What a woman does with her head while dancing seems like just a matter of styling, yes? Ah, but no.

The average adult head weighs about 10 pounds. Allow it to move around on top of a moving body and you have some sort of physics problem -- and a balance issue. In the early days of ballroom dancing, when the first English syllabus was being developed in the 1920s, the woman was to keep her head to the left, in closed position at ALL times. It became a fad, beginning with the whisk, for her to shift her head to the right.

Len Scrivener, a British ballroom champion from the late1940s and later coach, writer and dance theorist, said the purpose of a lady’s head in dancing is to create the best line, individually and for the couple, and to maintain balance. “No matter how effective a lady may believe she is being, if her head movement robs her partner of balance, or even causes him to apply additional muscular effort to gain control, it is the wrong one,” he wrote in a column. “A head moved unnecessarily has the opposite effect to that which is sought.”

His columns were collected a decade after his death into a book called “Just One Idea,” described as “the most detailed analysis of advanced dancing ever.” Published in 1983, the book is long out of print.

He continued to believe that a lady’s head is best kept to the left in closed position in most figures. Round dancing followed that belief—the chair was done in round dancing with a closed head even into the 1970s. Scrivener eventually developed the general rule that lady’s head should be poised to look in the direction of a sway or body curve. The body should direct where the head looks. It is the man’s body action that tells Lady to open up from closed position, as with his right side stretch when dancing a hover telemark.

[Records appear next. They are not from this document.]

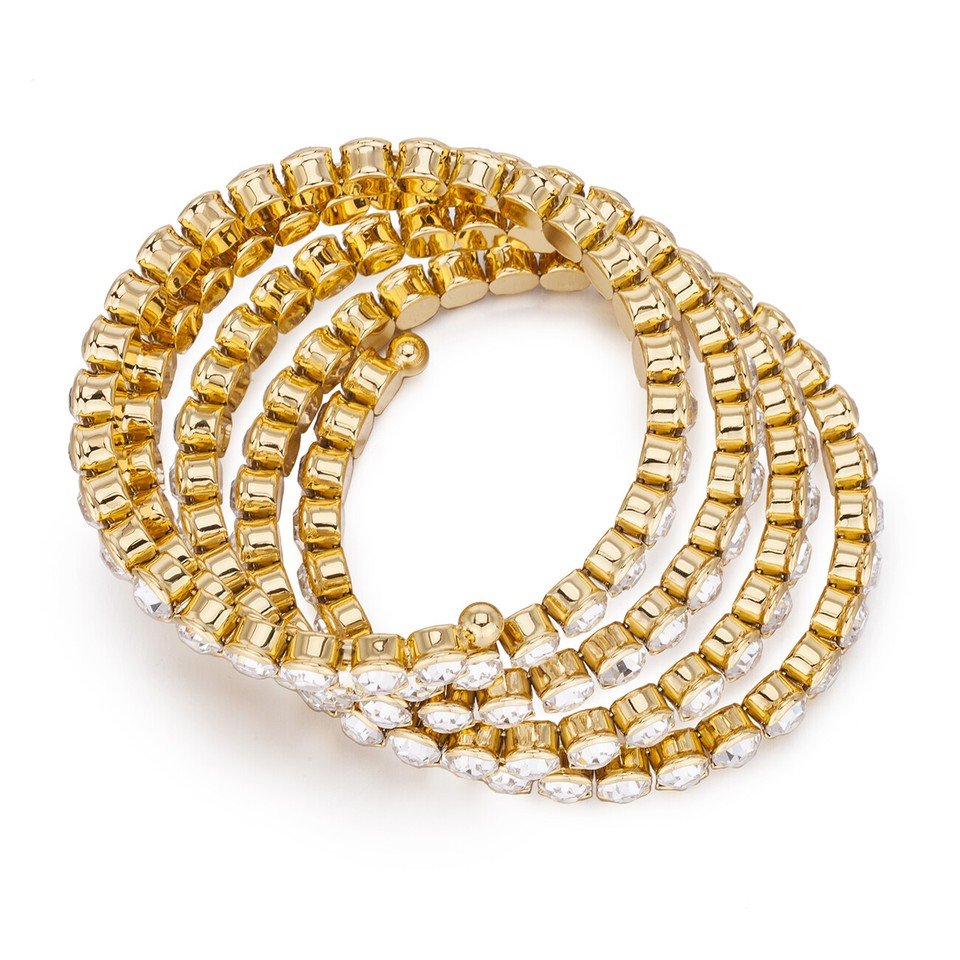 Bangle Bracelet Spiral Coil Cuff Bangle, 14K Gold, Swarovski Crystal Elements - Image 7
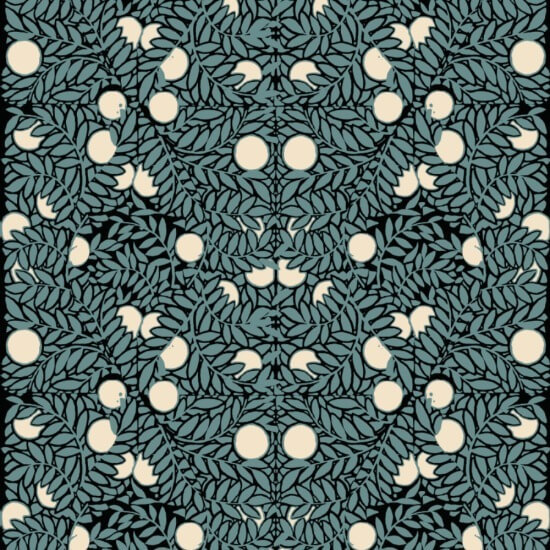 Arbusto laranja Papel de parede floral azul e creme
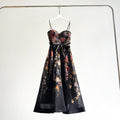 Black Vintage Floral Bow Midi Slip Dress
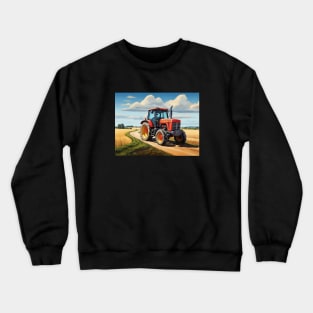 Tractor Truck Trucking Country Road Agriculture Vintage Crewneck Sweatshirt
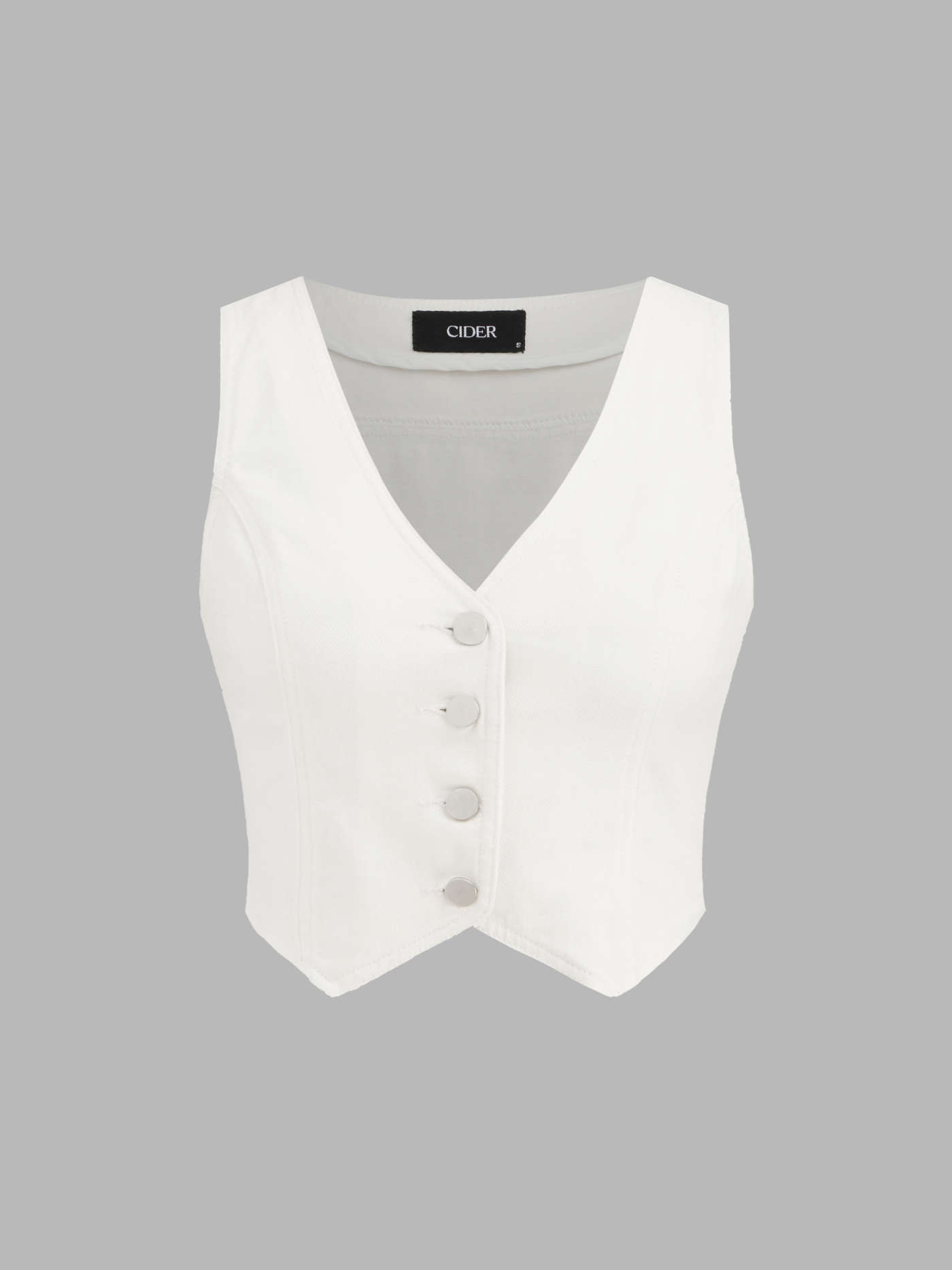 Denim V-neck Button Crop Vest | Cider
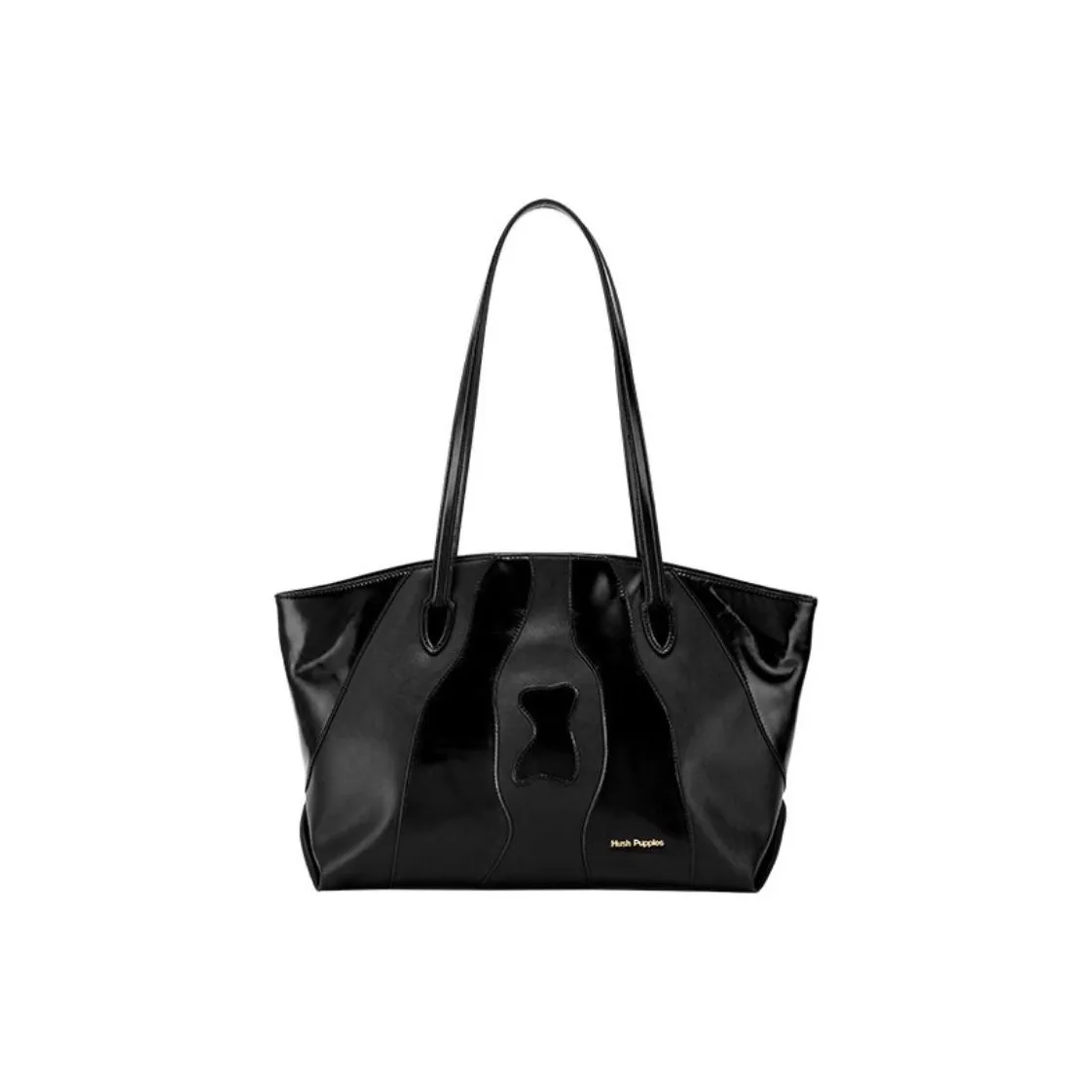 Hush Puppies Коровья кожа Тоут Сумка Сумка для покупок Сумка на плечо Сумка среднего размера Женская Черная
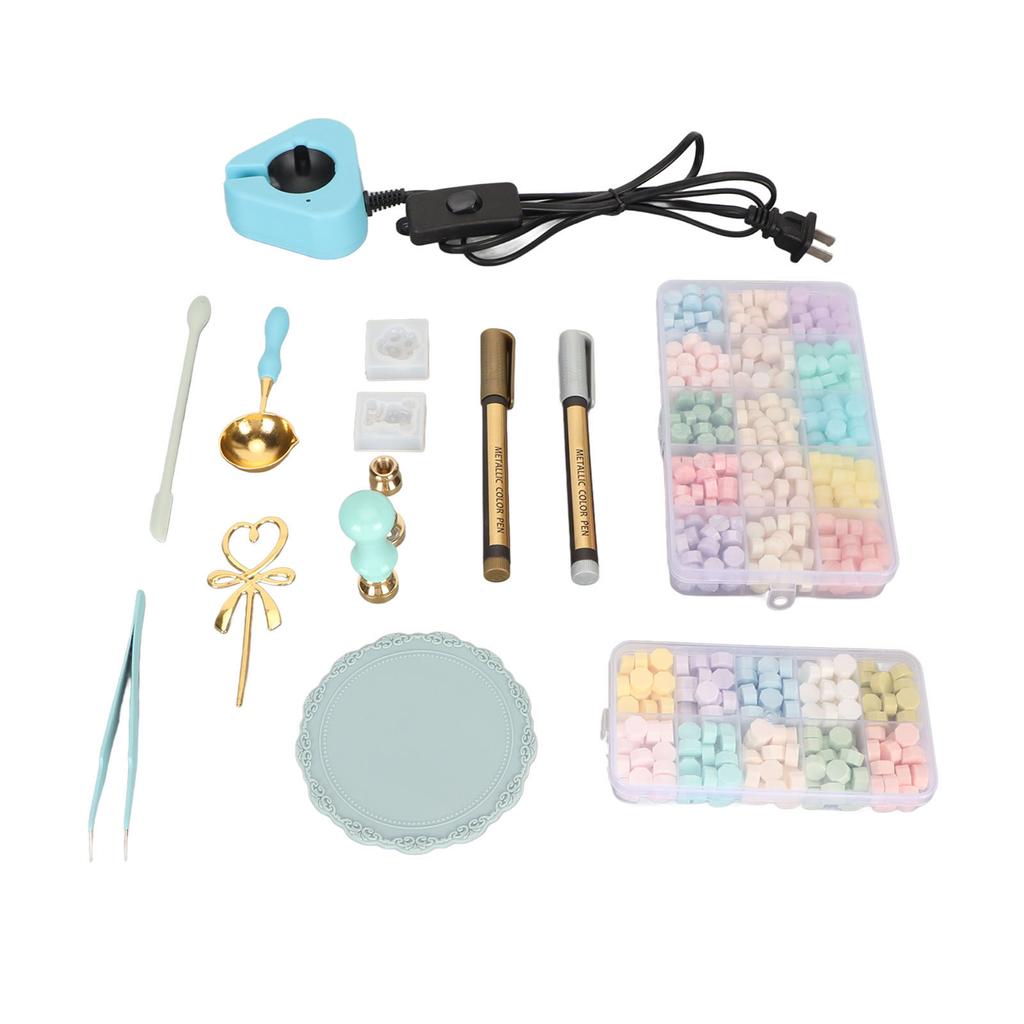 Wax Seal Stamp Kit with Wax Seal Warmer Wax Stamp Spoon Coloring Pen for Vintage Letters Envelopes C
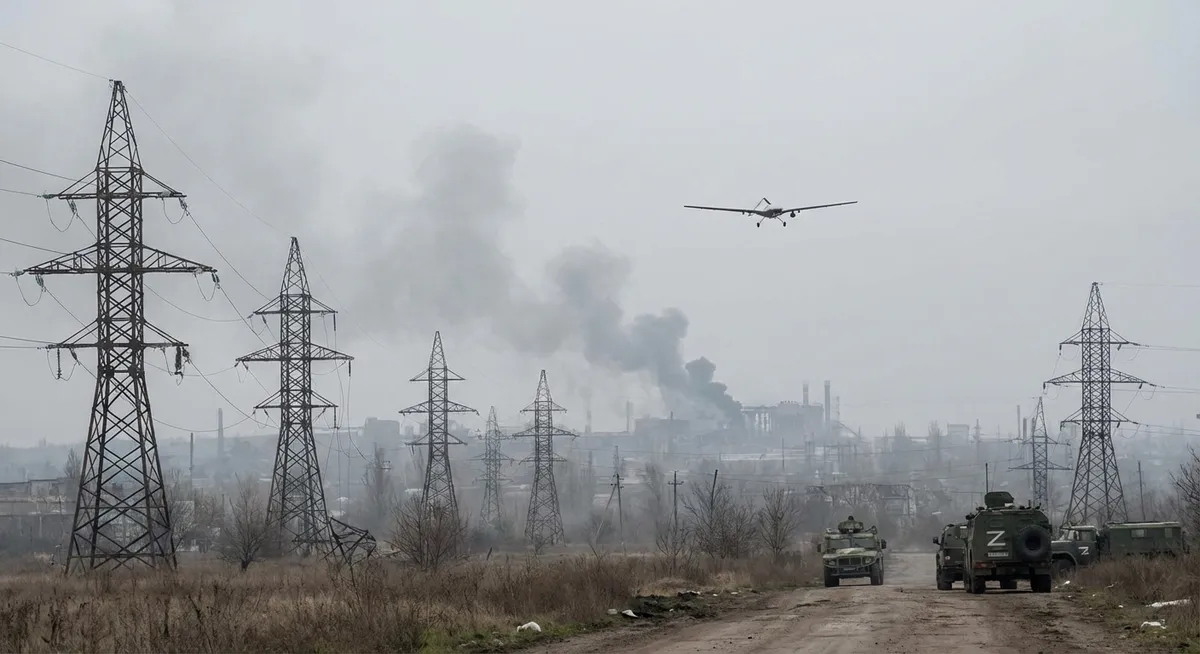 Slika je umetno generirana iz tem: oboroženi spopadi, izpadi električne energije, napadi z droni, sudan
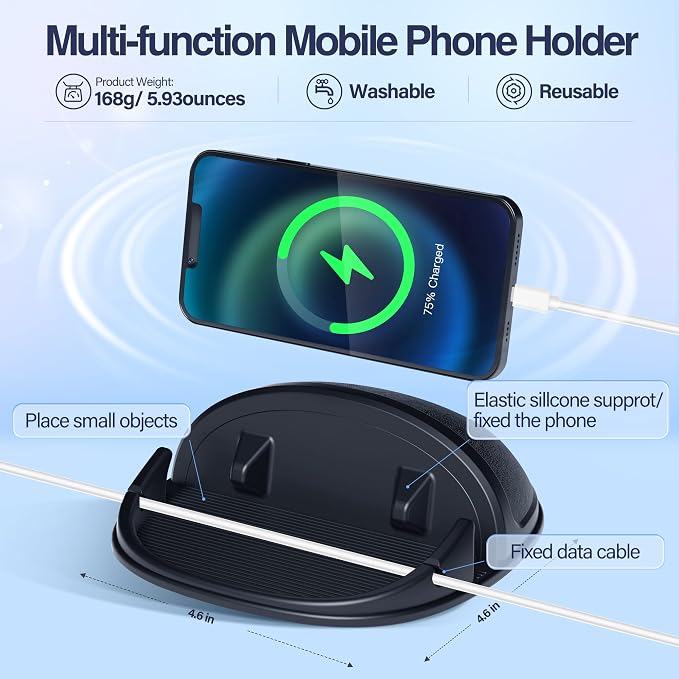 Loncaster Car Phone Holder, Car Phone Mount Silicone Car Pad Mat - Image 5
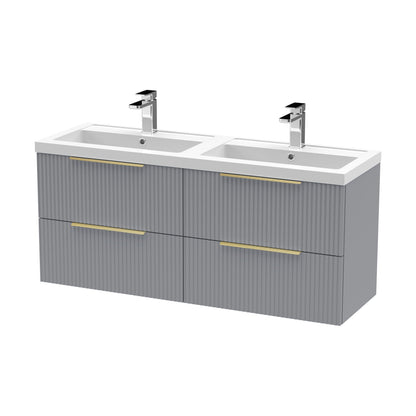 [BFFF293CH325] Tixall Fluted Front Wall Hung Vanity Basin Unit with Choice of Size, Colour and Handle Options - Cutout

As various forms of whisk developed, technique changed. At the time, he recognized the basic whisk, swivel whisk, syncopated whisk, back whisk, and left whisk. In the basic whisk, he believed lady’s head should be to the left, so that a line extended from her left toe up through the body and head. His reasons for preferring closed position: Opening the head created a broken line, he said, and if she danced a chasse after it, she had to re-close her head, and if she went into the whisk from a spin or backward step, turning her head right would “throw” the right side of her body away from her partner, which would create a balance issue for him. But he acknowledged that a talented lady dancer could maintain good contact and balance even when opening her head.

You hear this discussion today especially in working on the reverse fallaway and slip. Should lady’s head be to the right or left on the second step (in fallaway)? If she opens her head, she generally opens her right shoulder too much. The slip is easier if her head is to the left. She can make it a styling issue  — keeping the head open or closed — if she remembers to control her right side and feel like her right lat is pushing in.